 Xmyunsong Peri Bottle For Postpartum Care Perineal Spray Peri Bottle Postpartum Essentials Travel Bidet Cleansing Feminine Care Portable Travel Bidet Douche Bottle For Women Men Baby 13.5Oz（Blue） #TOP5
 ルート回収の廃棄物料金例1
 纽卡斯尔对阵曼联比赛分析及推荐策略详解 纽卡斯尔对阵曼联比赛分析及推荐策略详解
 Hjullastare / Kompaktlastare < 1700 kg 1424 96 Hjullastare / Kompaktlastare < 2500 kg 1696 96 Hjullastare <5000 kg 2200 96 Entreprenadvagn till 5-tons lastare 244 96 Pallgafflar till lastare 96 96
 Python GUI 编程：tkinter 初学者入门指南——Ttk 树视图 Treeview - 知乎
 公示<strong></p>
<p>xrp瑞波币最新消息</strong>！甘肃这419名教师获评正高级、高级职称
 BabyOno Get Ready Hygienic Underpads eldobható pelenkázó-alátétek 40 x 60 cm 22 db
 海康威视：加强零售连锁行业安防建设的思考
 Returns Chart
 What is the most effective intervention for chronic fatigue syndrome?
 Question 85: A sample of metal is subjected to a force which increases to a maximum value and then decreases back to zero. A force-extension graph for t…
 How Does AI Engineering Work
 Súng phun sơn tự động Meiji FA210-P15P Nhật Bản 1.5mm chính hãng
------------------------------------
__EXERCISE INSTRUCTIONS__
Look through the data above. Copy every line with the string "strong" in it.

__WRITTEN ANSWER__
 公示<strong></p>
<p>xrp瑞波币最新消息</strong>！甘肃这419名教师获评正高级、高级职称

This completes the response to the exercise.